3d vector math / basic linear algebra library
Hi all is there a 3d vector math / basic linear alegebra library for Max? Things I'd like to do is:
- convert an orientation (euler, quat or axis) to 3x3 rotation matrix and vice versa
- convert rotation, position, scale into 4x4 transformation matrix and vice versa
- transform 3d coordinates by a 4x4 transformation matrix (i.e matrix multiplication, for e.g. local to global coordinates)
- take inverse of a 4x4 transformation matrix (for e.g. global to local coordinates)
etc.
I know how to do it all from scratch and I've tried using jit.matrix but using a jit.matrix for a 3x1 list seems like a sledgehammer on a nail. Also I'm after an established solution which has a lot of features (like the countless c++ libs out there) not just a few things like rotation around an axis etc . Finally jit.expr syntax is absolutely horrid and cannot be taken seriously for something like this :)
https://twitter.com/memotv/status/585207451810672641
Also it would be ideal if I could do things like have a list of vertices in a jit.matrix (e.g. n dimensional matrix with 4 planes [xyzw]) and transform all of them by a 4x4 transformation matrix.
Is there anything like this?
A Java API for mxf would be even better :) I guess I'm after something like eigen
http://eigen.tuxfamily.org/dox/group__TutorialGeometry.html
See: jit.quat, jit.euler2quat, jit.quat2euler, jit.quat2axis, jit.axis2quat
Hi, yes I know those, but they only do rotation,and not as a matrix (i.e. no basis), also no position, scale or other non-orthogonal transformations. i.e. they're not vector math or basic linear algebra. Just rotations.
EDIT: I've also looked at jim.anim.node, but that seems to be for binding opengl objects and drawing them transformed. Whereas I want to just transform data, lists of coordinates. I.e just a simple matrix multiplication! and be able to construct and deconstruct transformation matrices
have you tried diving in jit.gen ? That's normally where that sort of stuff is done nowadays
Yes I have tried jit.gen, it seems to be a type of shader for matrices etc. I'm not sure how it's relevant though, I'd still need to write all the matrix multiplication, matrix inverse etc stuff from scratch as far as I can tell? (unless i've missed some inbuilt functions for basic linear algebra)
the closest thing to what you're asking is the Jitter3DUtils.js extension (search the browser to find this file).
however, jit.anim.node was designed specifically for these kinds of operations, and functions perfectly without binding to a gl object. here's an example of transforming a list of 3d points by a rotation, and returning the 4x4 transformation matrix:
You could also look at the jit.la.* family of objects.

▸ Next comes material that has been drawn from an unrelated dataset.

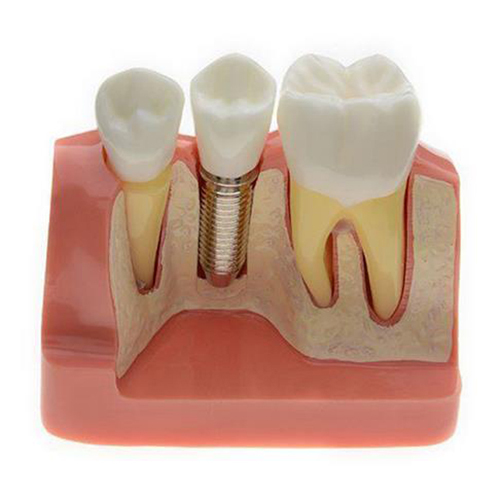 Dental Removable Implant Study Analysis Crown Bridge Demonstration Teeth Model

Rob, that's an interesting use of jit.anim.node, very useful thanks.
Jesse, I missed the jit.la.* commands completely, that's completely it thanks! (actually that's a small subset of what I"m after, but combined with jit.anim.node I can probably easily do everything that I want.)
thanks!
Hi from the future!
@Memo Akten, do you think it's possible with a combination jit.la.* objects and jit.anim.node to compute the orthogonal and orthonormal of a given matrix?
Thank you
Wow this is a blast from the past! To be honest I can't remember anything about jit.

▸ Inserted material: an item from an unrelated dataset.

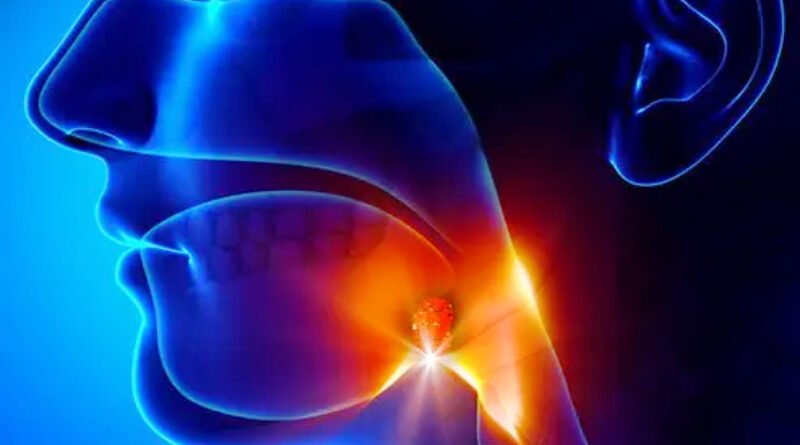 Understanding Adenoiditis: Causes, Symptoms, and Analysis Options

But i can say from what I remember to compute an orthogonal matrix is quite straight forward.
Each row (or column) of your matrix is actually the X,Y,Z axis of a transformation (a basis). And you want to make sure these axes are perpendicular to each other, and normalized.

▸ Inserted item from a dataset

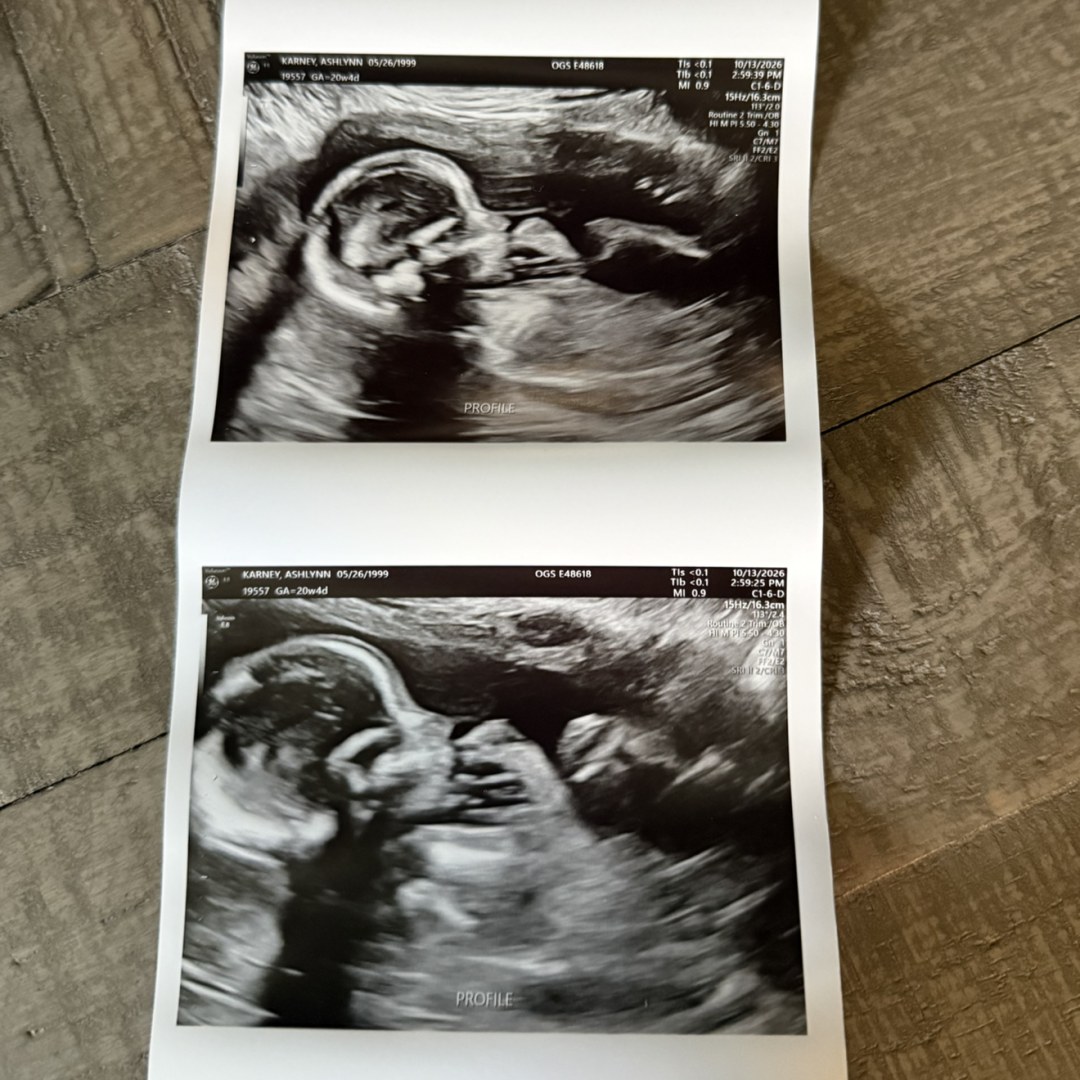 Photo shared by Ashlynn for their Babylist baby registry.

Pick the 'most important' vector (axis) that you want to retain (typically the 'forward' facing vector, whatever your convention is. E.g. Y or Z).
Cross (product) that with your side vector whatever your convention is (typically X) to get a new 'up' vector perpendicular to your 'forward' vector.
Cross the forward vector with your new up vector to get a new side vector.
Normalize each of these vectors and stack them to get your matrix.
This is from memory so no garantees.
(Also remember A x B = -B x A, so you need to do the cross products in the correct order to make sure you get a right handed or left handed matrix, whichever one you need).
I hope that helps.